Man. It’s been a month plus since I’ve written? Madness.
It isn’t that I don’t have anything to say. On the contrary, I have too much to say. That, and I have little time to write thoughts.
That’s not true.
I just don’t give myself time.
This semester has been quite taxing. I used to remember in high school, when I would say that there is rarely any time for me to practice music because I have a busy schedule. In retrospect, I laugh. I mock my old thought. There was always ways to economize my time.
I’ve reached a point, this semester, where I’m burning too much of the candle. Seven classes, three private lessons, eighteen hours of practice, plus job position as a TA. It’s a lot. Not too much, but a lot. It’s bad enough by itself, but life has a funny way of throwing emotional jabs, adding to the weight. It gets to a point where all I can cry is “Lord, slow me down!”
A slower pace. I think we all can use it.
Sometimes we go too fast. Sometimes I go too fast. When we run, indeed, we get a lot of work done, but we miss out in the life around us. I remember a couple weeks ago, I was super stressed. I had to attend this concert—which would eat a huge chunk out of my time to do sleep and practice—and I had to perform one of my pieces at a friend’s junior recital (problem being, we hadn’t done a full rehearsal since the prior semester and our last performance of the piece was terrible). There was more whip cream on top of the situation—it just evades me at the moment.
Point being, I was stressed.
That friday, I was getting blows from the left and right constantly. I remember walking to the music building stressed and pissed, and my friend Mark Freed commented how lovely the sunset was. My response wasn’t a joyous or sympathetic one. Rather, it was a self-centered and problematic one. “I wish I had time to enjoy it.”
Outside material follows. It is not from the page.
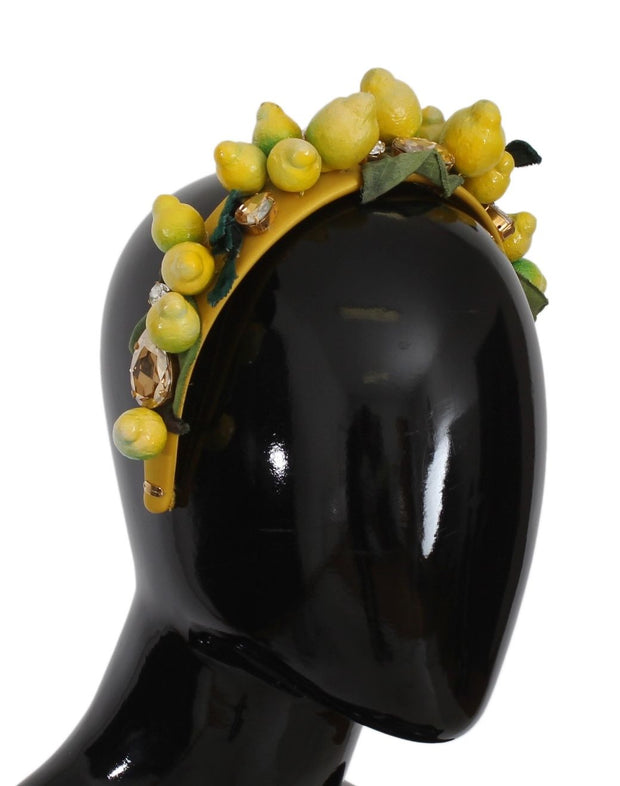 Exquisite Silk Crystal Lemon Headband Diadem Dolce & Gabbana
I wish I had time to enjoy it. By saying that, I am recognizing that there is beauty and goodness in the sunset. In the same sentence, I am claiming that I do not have time to look and accept the goodness.
I find it a fallacy to say that one does not have time to accept goodness.
God’s beauty is all around us. His creation isn’t just for aesthetics. While sunsets may be beautiful and landscapes may be breathtaking, there’s more to creation than just visual pleasure. Just as the rainbow was a promise to Noah, God’s creation is a promise to us. A promise that not only is God bigger than our troubled hearts, but that He is with us in our troubled times. A promise that all will be made well.
But how can we see the sunset fade in the horizon if we try to speed our lives too fast? I’m not saying to stop all our works and focus on nature. Not at all. I still go to Loma and still am taking many classes and still need to accomplish the goals my professors set before me. But if we could just stop. Stop and pause to see the bigger picture. To see that our struggles and worries are part of something bigger that we can’t control on our own mere strength, then maybe our burden wouldn’t be as heavy as we make it out to be. Maybe.
While my thoughts are rarely profound, I do hope to keep writing throughout the school year.